(DATA begins)

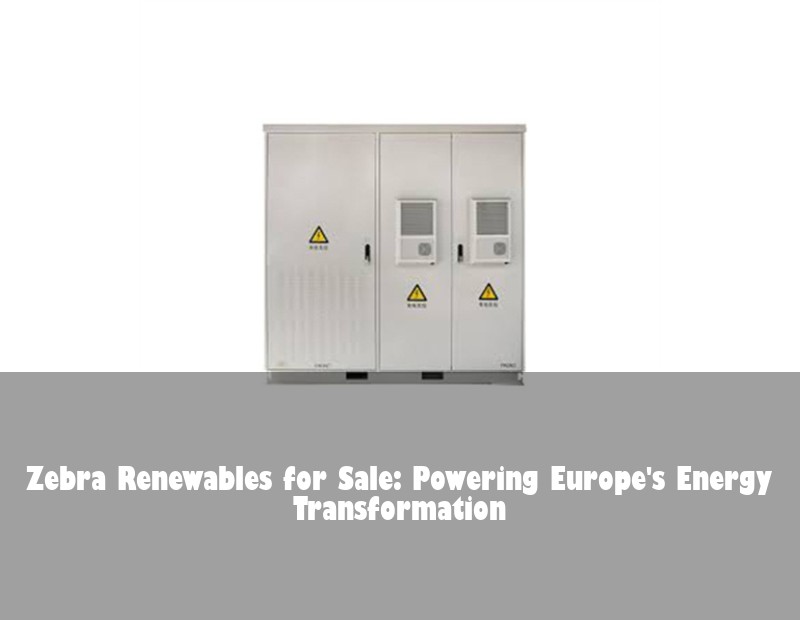Zebra Renewables for Sale: Powering Europe's Energy Transformation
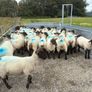 Suffolk cross hoggets (34 available) Image 6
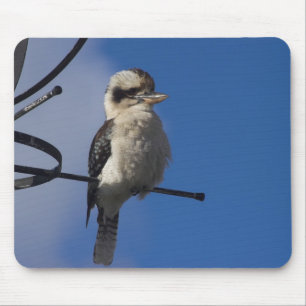Kookaburra Mouse Pad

(DATA ends)

→ **TASK ITEM**: Repeat the material verbatim. Do not carry over any picture.

→ **REPLY TO THE EXERCISE**:
Zebra Renewables for Sale: Powering Europe's Energy Transformation
 Suffolk cross hoggets (34 available) Image 6
Kookaburra Mouse Pad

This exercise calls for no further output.